Problem requirements:
The entries below contain pictures. Write out only the lines from the line with "Измерение уровня цементной стяжки рулеткой" up to and including the line with "a white house", exactly, without them.

Listed records:
=== Begin Enclosure ===

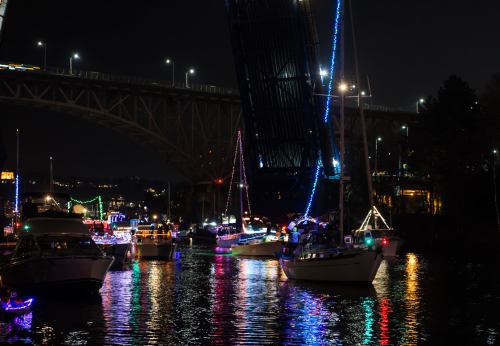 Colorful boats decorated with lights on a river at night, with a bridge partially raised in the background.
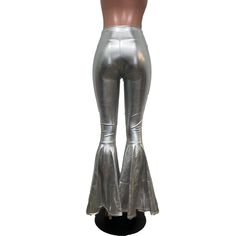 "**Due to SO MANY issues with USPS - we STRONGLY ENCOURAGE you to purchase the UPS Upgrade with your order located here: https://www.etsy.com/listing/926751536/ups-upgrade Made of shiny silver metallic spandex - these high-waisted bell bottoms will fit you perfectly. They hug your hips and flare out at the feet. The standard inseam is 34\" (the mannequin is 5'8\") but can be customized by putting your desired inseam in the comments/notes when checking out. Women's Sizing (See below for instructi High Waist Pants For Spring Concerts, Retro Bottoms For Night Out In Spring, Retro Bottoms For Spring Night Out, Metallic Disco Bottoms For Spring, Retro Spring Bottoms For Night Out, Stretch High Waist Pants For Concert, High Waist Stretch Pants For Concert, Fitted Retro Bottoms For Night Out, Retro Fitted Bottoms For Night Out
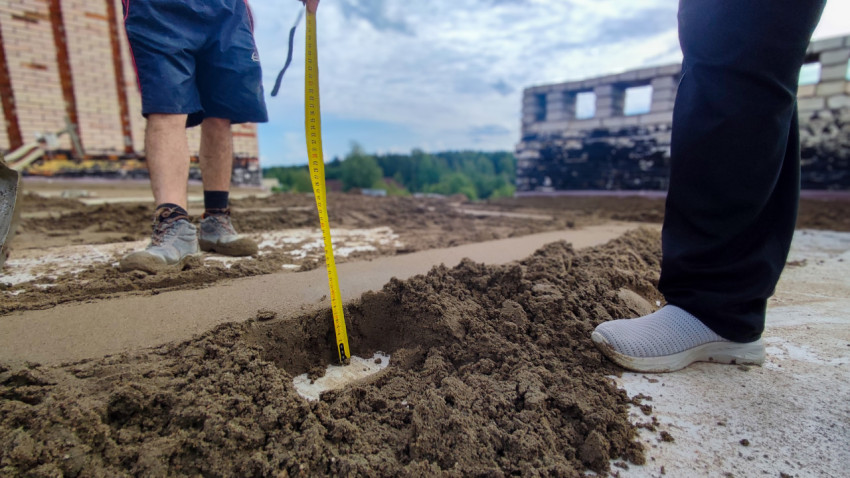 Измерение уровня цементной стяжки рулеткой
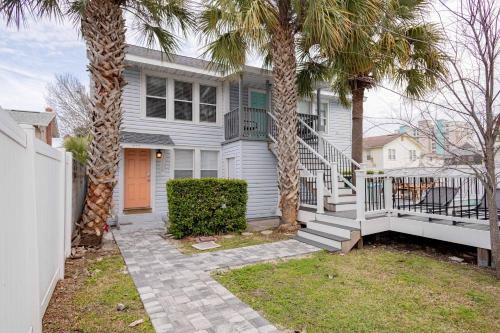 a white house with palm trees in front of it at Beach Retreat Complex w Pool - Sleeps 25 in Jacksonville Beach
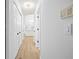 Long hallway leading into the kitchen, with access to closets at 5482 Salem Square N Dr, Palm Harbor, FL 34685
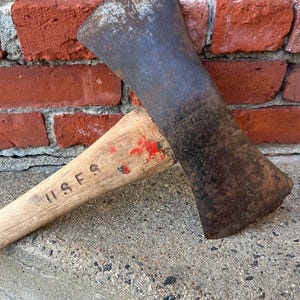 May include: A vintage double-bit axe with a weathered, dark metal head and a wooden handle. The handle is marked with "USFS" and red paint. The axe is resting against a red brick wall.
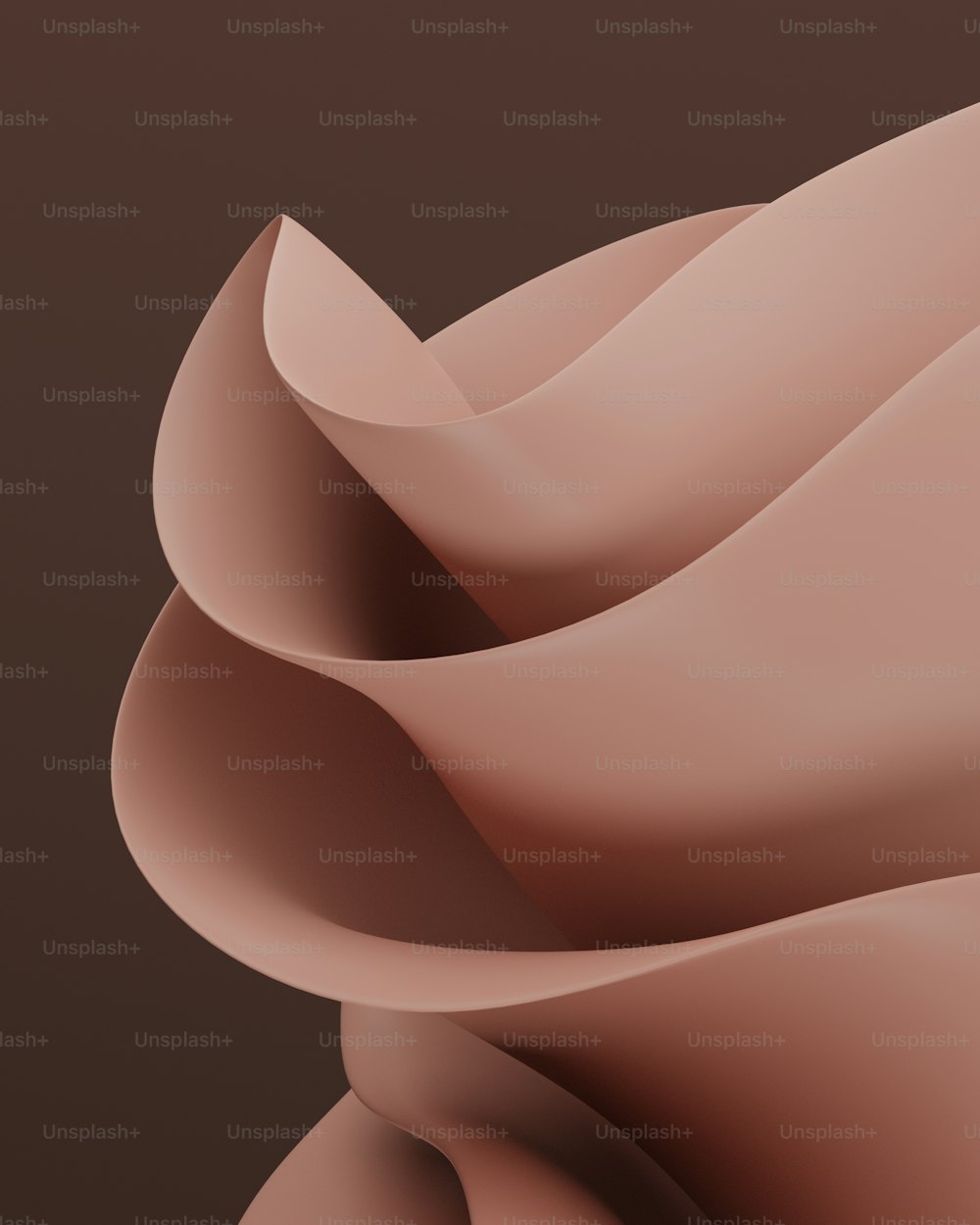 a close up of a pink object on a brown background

=== End Enclosure ===

Worked solution:
 Измерение уровня цементной стяжки рулеткой
 a white house with palm trees in front of it at Beach Retreat Complex w Pool - Sleeps 25 in Jacksonville Beach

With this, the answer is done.